Не дожидаясь ответа, я встала и начала ходить взад-вперед по комнате. Мне надо было скрыть от него волнение успокоиться…
— Андрей Григорьевич, — решительно сказала я, останавливаясь у его постели, — объясните мне, для чего вы все это затеяли? Зачем все это писать? Симптомы дистрофии прекрасно известны. В Ленинграде голодают тысячи. Да и раньше индийские йоги, я читала, голодали по месяцу, а то и больше. Или например, революционеры в царских тюрьмах…
— Это совсем другое, Вера, — тихо ответил Осьминин. — Сознательная голодовка предполагает определенный настрой нервной системы. Болезнь, которую я описываю, протекает в условиях грозящей человеку со всех сторон опасности, ну, обстрелы, возможность вторжения врага в город… И без надежды, что завтра или послезавтра тебя накормят… Совсем другая схема. И она еще совершенно не изучена.
— Но для чего это, к чему?! — уже с отчаянием проговорила я. — Неужели вы думаете, что людям в будущем снова придется пережить что-нибудь подобное?
— Видишь ли, Вера, — ответил Осьминин, — никто не может представить, где и когда пригодятся те или иные знания…
«Господи, — подумала я, — что же делать? Это одержимость какая-то! В конце концов, в госпитале есть возможность наскрести все, чтобы спасти его, — и необходимые медикаменты и продукты! Но как заставить его принять все это?.. Он сказал: „Без надежды…“ Может быть, попробовать вселить в него надежду, отвлечь от мысли о неизбежности смерти?..»
Сама не знаю зачем, я, стараясь говорить весело, сказала:
— Андрей Григорьевич, помните, вы мне как-то дали нахлобучку? Ну, за того капитана, который сбежал из госпиталя? Так вот он вернулся!
— Вернулся? — переспросил Осьминин. — Куда, в госпиталь?
— Да нет, это ведь уже давно было, когда он удрал из госпиталя. А теперь с Невской Дубровки в Ленинград вернулся. Капитан Суровцев. Он заходил к нам три дня назад, только меня не застал. Оставил записку, что переведен в Ленинград, адрес…

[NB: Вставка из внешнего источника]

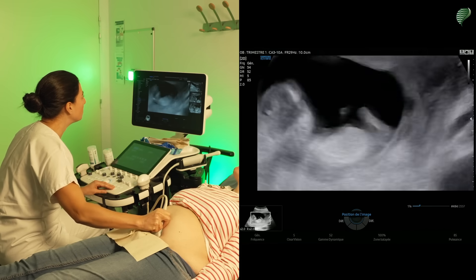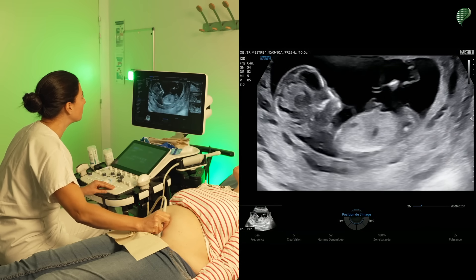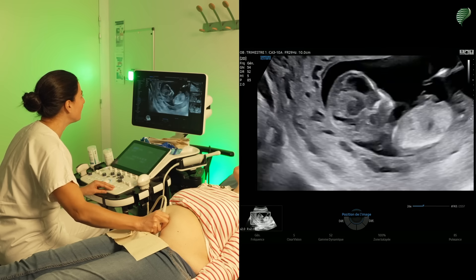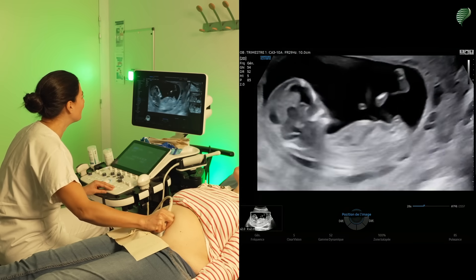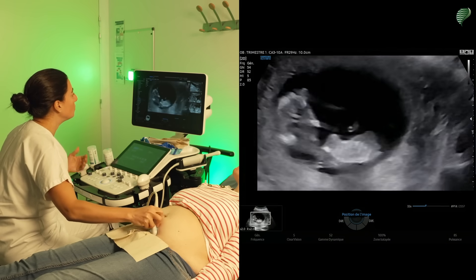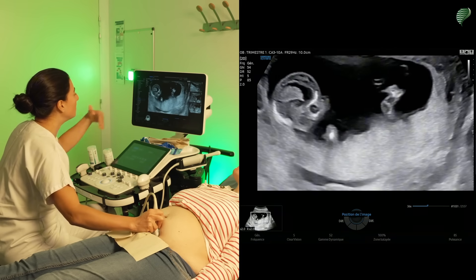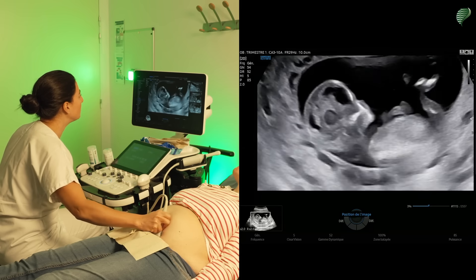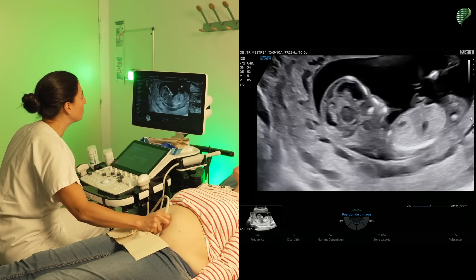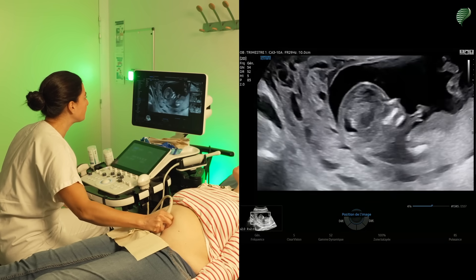I'm bothering him a little to see if he's willing to move — it's a matter of patience between us to see who's most patient, and I normally win. During an examination it sometimes happens that you can't see everything at once, so you need to come back a little later. You progress in your examination, follow a slightly different order, and after a while you end up seeing what you want in a relatively acceptable time.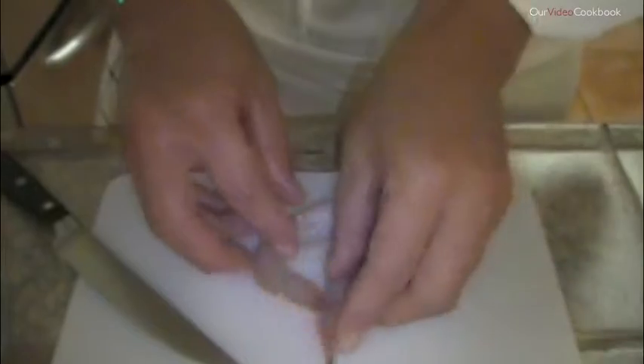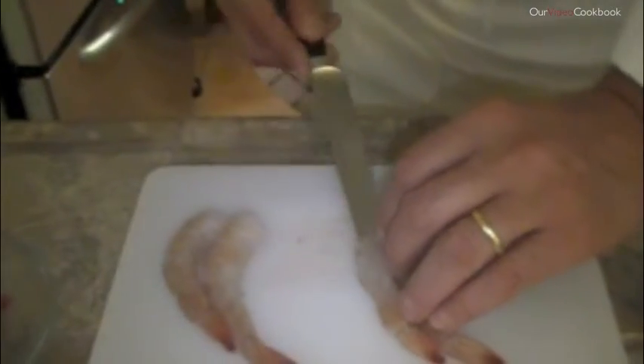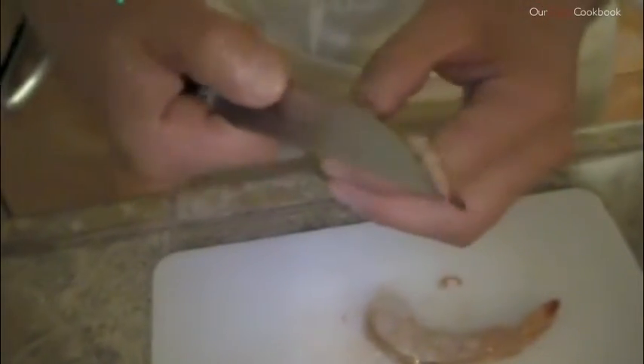Now if you want to do this quickly, put them in line and do it like a production line. Take one, open it, slide it. Open them up, take out the vein, and there you are.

— Ты… была у него? — спросил Осьминин.
— Нет. А зачем?
— Судя по тому письму, которое он, уходя, оставил, ты должна была бы пойти… Он же был… ну, я думаю, он был… неравнодушен к тебе. Верно?
— Чепуха все это! — сказала я. — Сейчас война идет.
— А разве на войне… не любят?
— Андрей Григорьевич, дайте я пощупаю ваш пульс, — сказала я, меняя тему разговора, села на край кровати и зажала пальцами запястье его правой руки. Пульс едва прощупывался и был очень редким. Я посмотрела на часы, но циферблата в полумраке различить не могла.
— Пятьдесят, — тихо сказал Осьминин.
— Сорок шесть! — сказала я. — Сейчас пойду за глюкозой и стрихнином. Вливание сделать необходимо!